St. Augustine Confessions Book 2			Book 3
2.1.1
      I will now call to mind my past foulness, and the carnal corruptions 
of my soul; not because I love them, but that I may love Thee, O my 
God. For love of Thy love I do it; reviewing my most wicked ways in 
the very bitterness of my remembrance, that Thou mayest grow sweet 
unto me (Thou sweetness never failing, Thou blissful and assured sweetness); 
and gathering me again out of that my dissipation, wherein I was torn 
piecemeal, while turned from Thee, the One Good, I lost myself among 
a multiplicity of things. For I even burnt in my youth heretofore, 
to be satiated in things below; and I dared to grow wild again, with 
these various and shadowy loves: my beauty consumed away, and I stank 
in Thine eyes; pleasing myself, and desirous to please in the eyes 
of men. 
2.2.2
     And what was it that I delighted in, but to love, and be loved? 

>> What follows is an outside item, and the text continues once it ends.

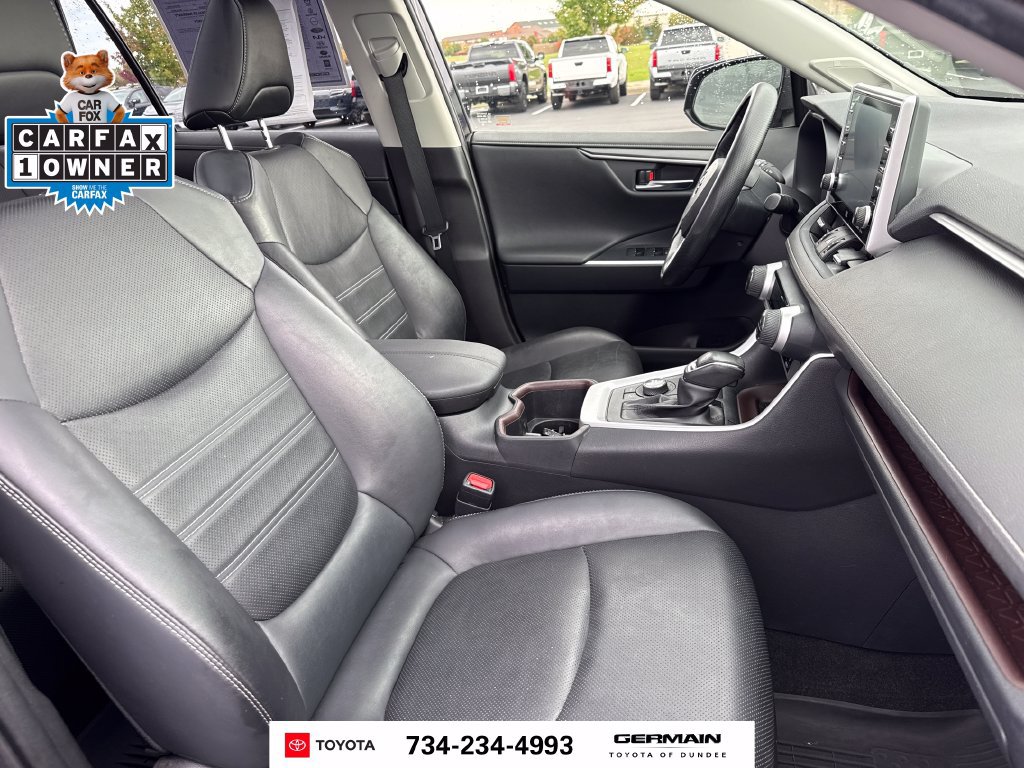 Used 2022 Toyota RAV4 Limited AWD/4WD image 23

but I kept not the measure of love, of mind to mind, friendship's 
bright boundary: but out of the muddy concupiscence of the flesh, 
and the bubblings of youth, mists fumed up which beclouded and overcast 
my heart, that I could not discern the clear brightness of love from 
the fog of lustfulness. Both did confusedly boil in me, and hurried 
my unstayed youth over the precipice of unholy desires, and sunk me 
in a gulf of flagitiousnesses. Thy wrath had gathered over me, and 
I knew it not. I was grown deaf by the clanking of the chain of my 
mortality, the punishment of the pride of my soul, and I strayed further 
from Thee, and Thou lettest me alone, and I was tossed about, and 
wasted, and dissipated, and I boiled over in my fornications, and 
Thou heldest Thy peace, O Thou my tardy joy! Thou then heldest Thy 
peace, and I wandered further and further from Thee, into more and 
more fruitless seed-plots of sorrows, with a proud dejectedness, and 
a restless weariness. 
2.2.3
     Oh! that some one had then attempered my disorder, and turned 
to account the fleeting beauties of these, the extreme points of Thy 
creation! had put a bound to their pleasureableness, that so the tides 
of my youth might have cast themselves upon the marriage shore, if 
they could not be calmed, and kept within the object of a family, 
as Thy law prescribes, O Lord: who this way formest the offspring 
of this our death, being able with a gentle hand to blunt the thorns 
which were excluded from Thy paradise? For Thy omnipotency is not 
far from us, even when we be far from Thee. Else ought I more watchfully 
to have heeded the voice from the clouds: Nevertheless such shall 
have trouble in the flesh, but I spare you. And it is good for a man 
not to touch a woman. And, he that is unmarried thinketh of the things 
of the Lord, how he may please the Lord; but he that is married careth 
for the things of this world, how he may please his wife. 
     To these words I should have listened more attentively, and being 
severed for the kingdom of heaven's sake, had more happily awaited 
Thy embraces; 
2.2.4
but I, poor wretch, foamed like a troubled sea, following the rushing 
of my own tide, forsaking Thee, and exceeded all Thy limits; yet I 
escaped not Thy scourges. For what mortal can? For Thou wert ever 
with me mercifully rigorous, and besprinkling with most bitter alloy 
all my unlawful pleasures: that I might seek pleasures without alloy. 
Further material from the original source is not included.